_EXERCISE DESCRIPTION_
For this exercise, return only the lines in the records below from the one holding "Hi guys, it's" through the one holding "A finite verb", including both, exactly as they appear and without pictures.
MATERIAL FOR THE TASK Start Marker
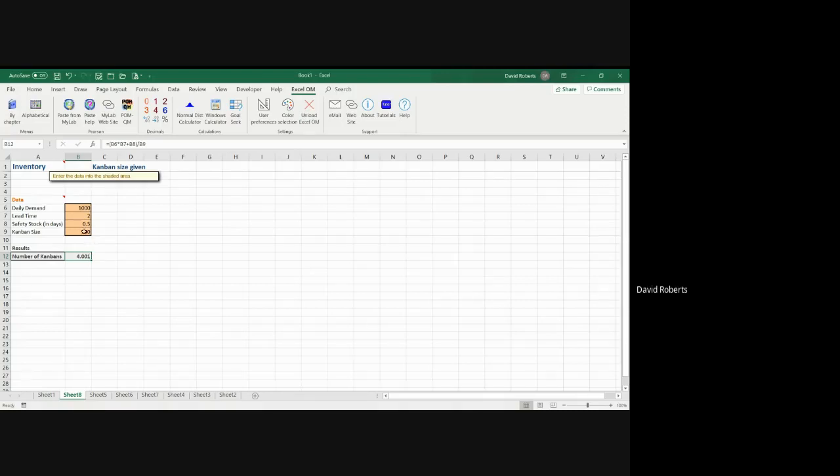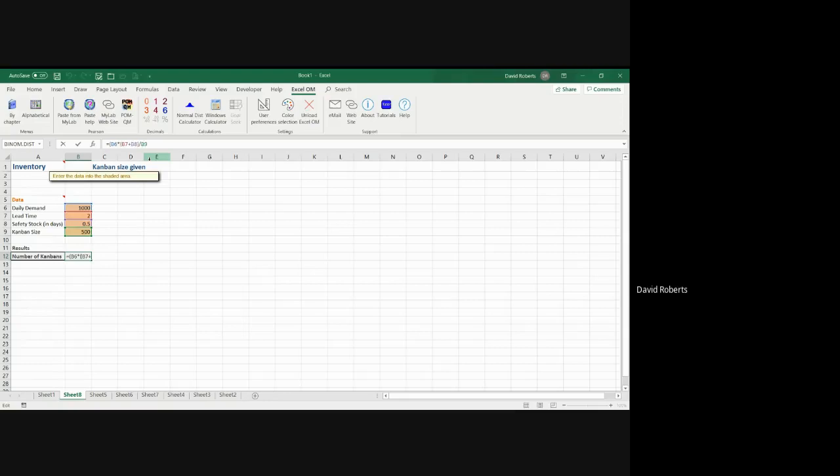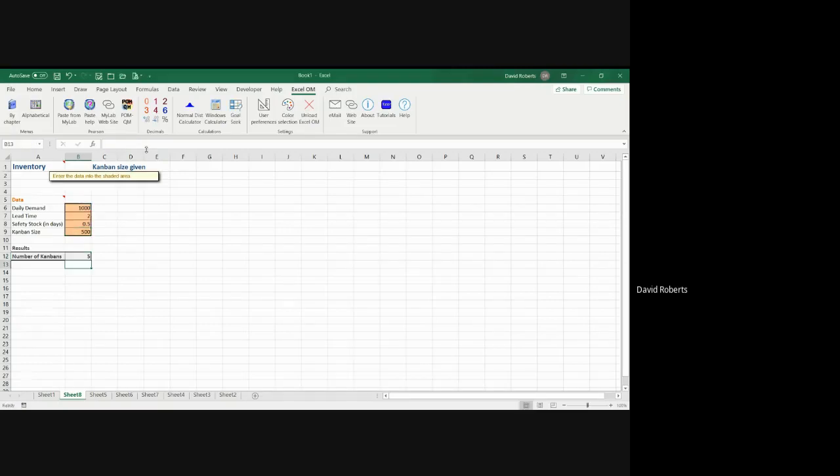In this particular case, what you need to do is modify the formula as I'm going to do here. You need to put in a bracket. To me, the simplest is put a bracket before B7 and a closing bracket after B8, and now you'll get the correct number.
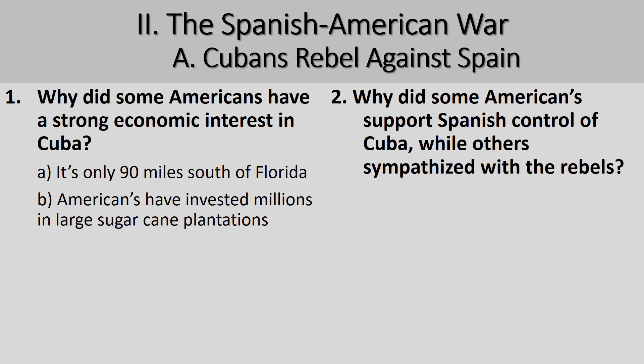Why did some Americans support Spanish control of Cuba while others sympathized with rebels? Well, the Cuban Revolution really began in 1895. Organized Cubans resisted Spain by using an active guerrilla war campaign, deliberately destroying property, especially targeting American-owned properties such as sugar mills and plantations. Their purpose was really to try to provoke the U.S. to intervene — in other words, help the rebels free Cuba.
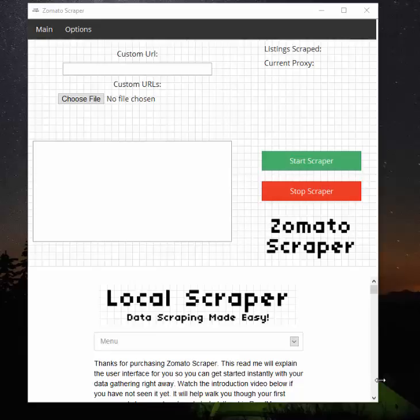Hi guys, it's Grant from Local Scraper and I just wanted to introduce you to the Zomato Scraper. So let's get started.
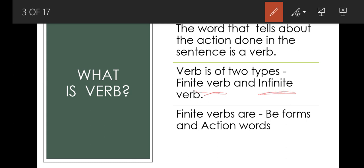A finite verb changes according to number, gender, and time (tense). An infinite verb does not change — regardless of tense, gender, or number, this type of verb remains the same. Here we will talk about subject-verb agreement with finite verbs only.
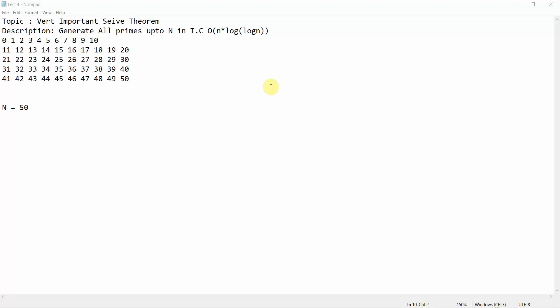Welcome to another tutorial at Programming Knowledge. Today we are going to learn about the Sieve theorem, which is a very important theorem. It helps us generate all the prime numbers up to n in a time complexity of O(n log log n).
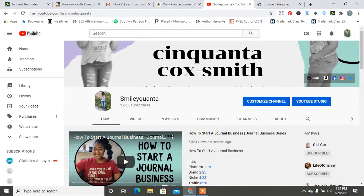Hey guys, what's up? It's your girl CinquantaCoxSmith of www.cinquantacoxsmith.com. Smile for me.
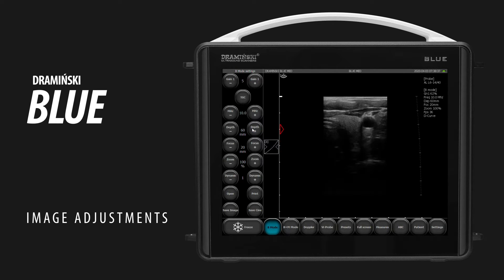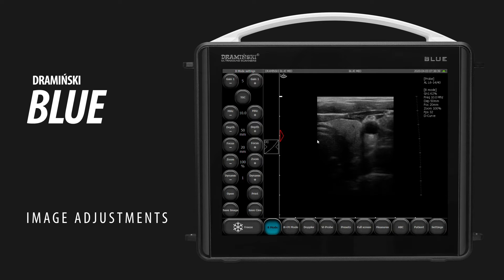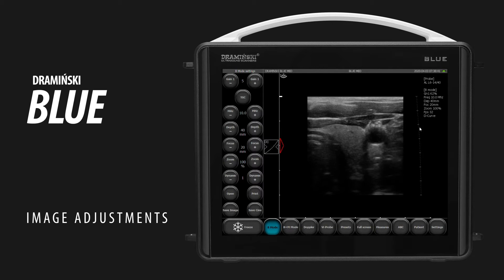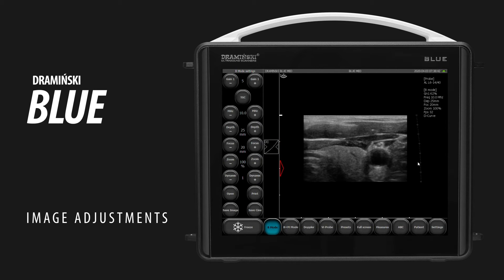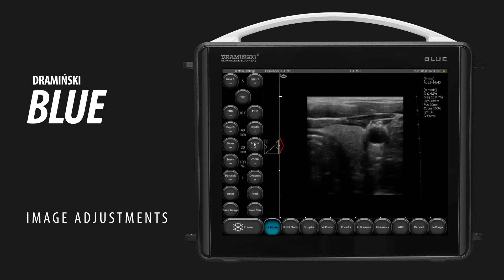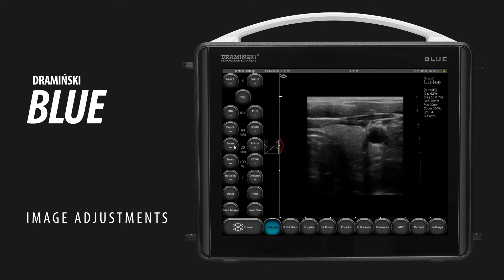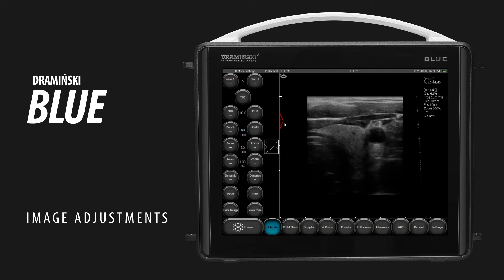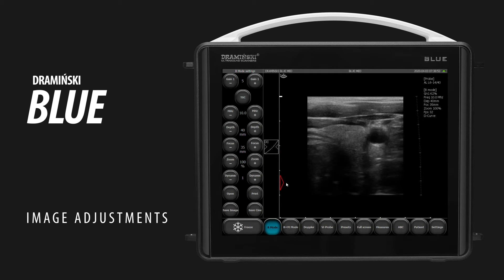To adjust depth of scanning, use the depth fields or the active field located on the right side of the screen. To adjust focus, use the focus fields or the active field on the left side of the screen.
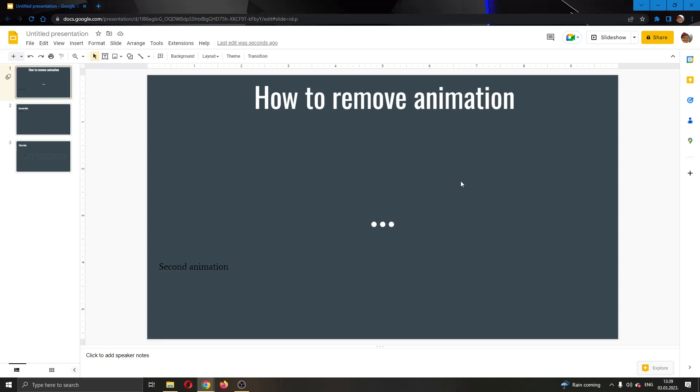Hey everybody, what's up and welcome back to today's video. Today I will be showing you how to remove animations in Google Slides. Make sure to watch this quick and easy video till the very end and follow my steps correctly so you can make sure this works the same for you. Let's get straight into it.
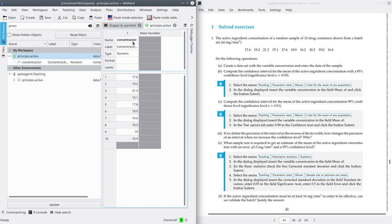Now you can double-click in order to open this dataset. As you will see, it contains only one variable, concentration, and the sample size is only 10. Now let's go to Part B. It asks to compute the confidence interval for the mean of the active ingredient concentration with a 95% confidence level, or equivalently a significance level alpha 0.05.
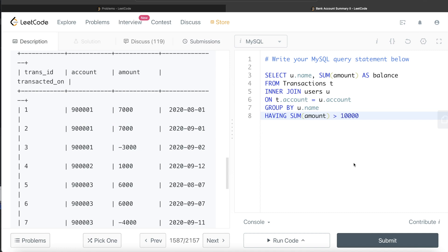The only thing to keep in mind is that since we are filtering based on an aggregate value, we should use the HAVING clause, not the WHERE clause. The rest is simple: group by name, filter out the rows, and return the names of the people along with the sum of all their transactions aliased as balance. Let me know if you found this video useful, and see you in the next video!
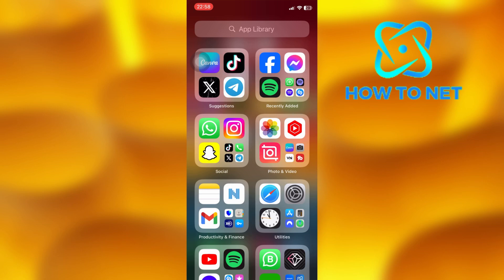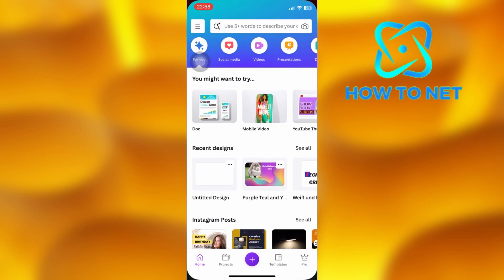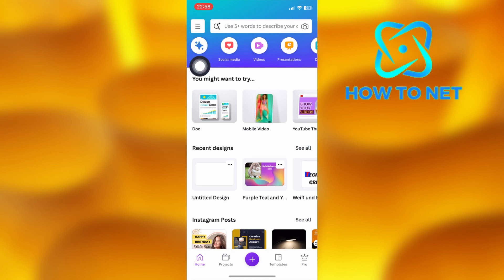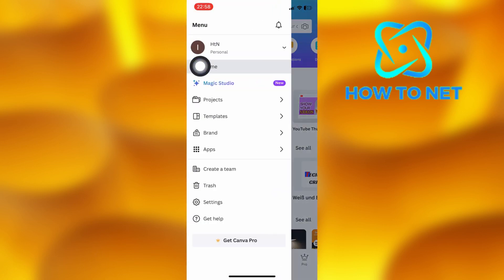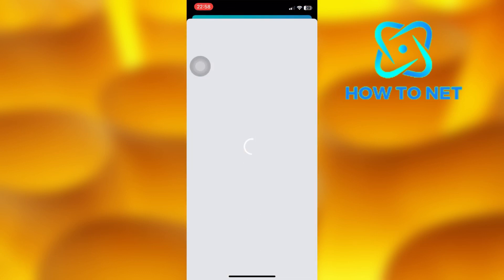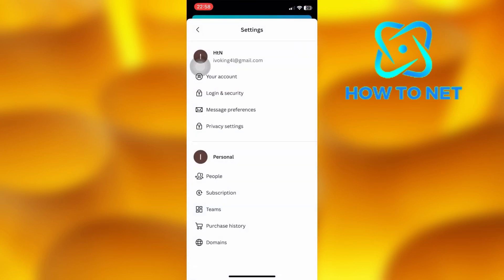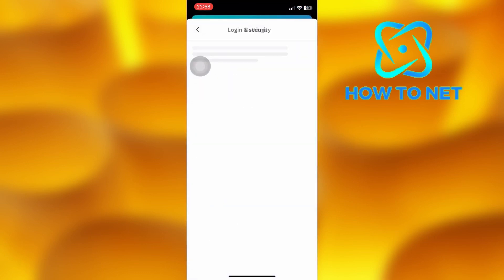To do this, simply open up your Canva. On the home page, tap on these three lines right here. Then select Login and Security. Then simply select the option of Sign out all devices.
MATERIAL FOR THE TASK End Marker
_SOLVED EXERCISE_
Hi guys, it's Grant from Local Scraper and I just wanted to introduce you to the Zomato Scraper. So let's get started.
A finite verb changes according to number, gender, and time (tense). An infinite verb does not change — regardless of tense, gender, or number, this type of verb remains the same. Here we will talk about subject-verb agreement with finite verbs only.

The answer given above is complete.